Available data -
--
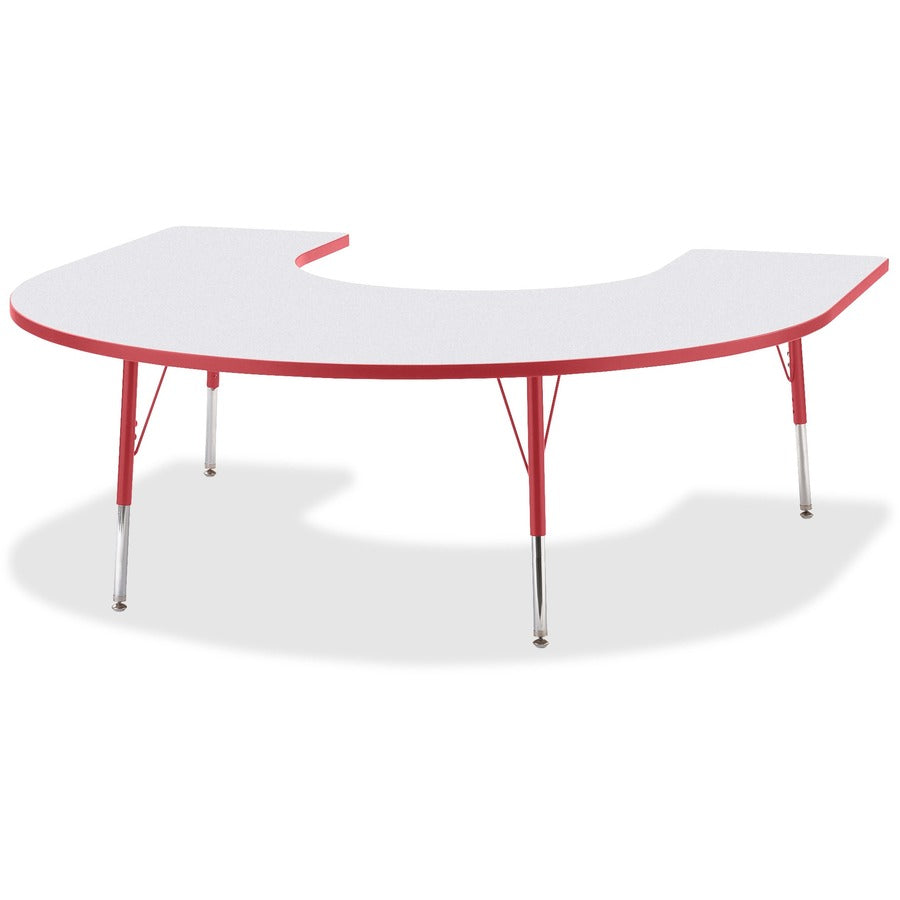 Jonti-Craft Berries Prism Horseshoe Student Table - Laminated Horseshoe-shaped, Red Top - Four Leg Base - 4 Legs - Height Adjustable - 24" to 31" Adjustment - 66" Table Top Length x 60" Table Top Width x 1.13" Table Top Thickness - 31" Height - Educati...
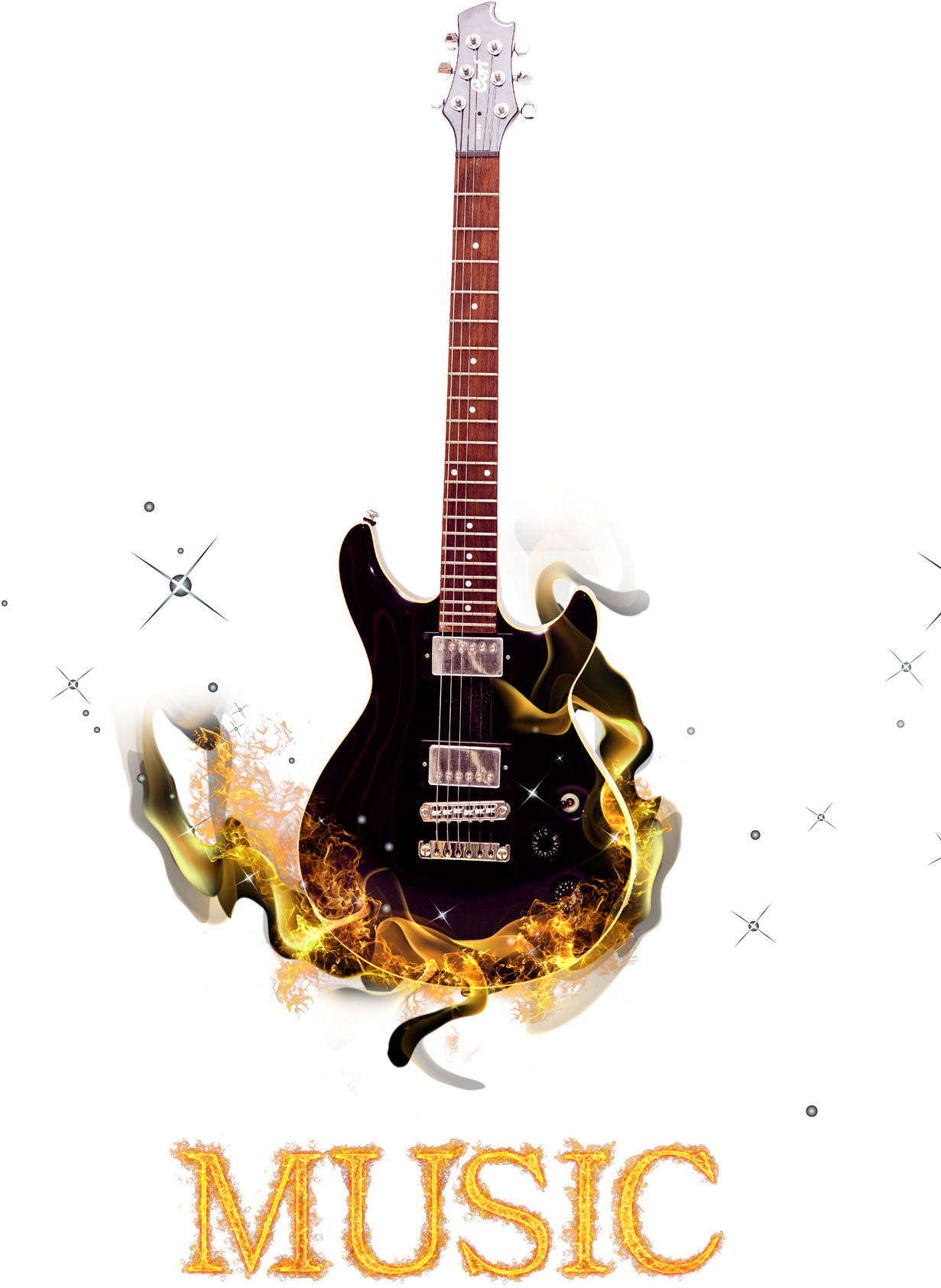 Fiery Guitar Music Artwork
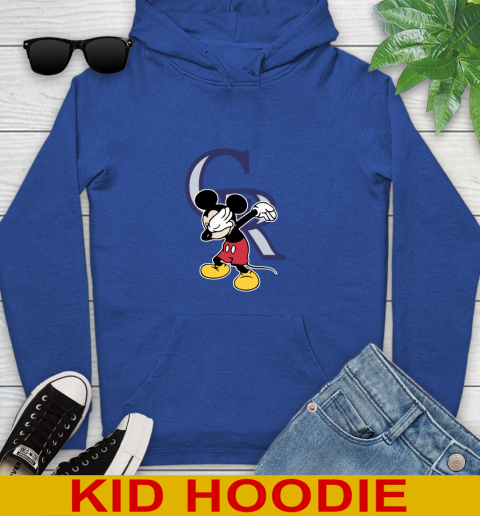 Colorado Rockies MLB Baseball Dabbing Mickey Disney Sports Youth Hoodie 10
--
Task objective -
Transcribe every line from the one containing "Fiery Guitar Music Artwork" to the end of the listing, exactly and exclusively. Do not carry any picture over.

Solution to this exercise -
 Fiery Guitar Music Artwork
 Colorado Rockies MLB Baseball Dabbing Mickey Disney Sports Youth Hoodie 10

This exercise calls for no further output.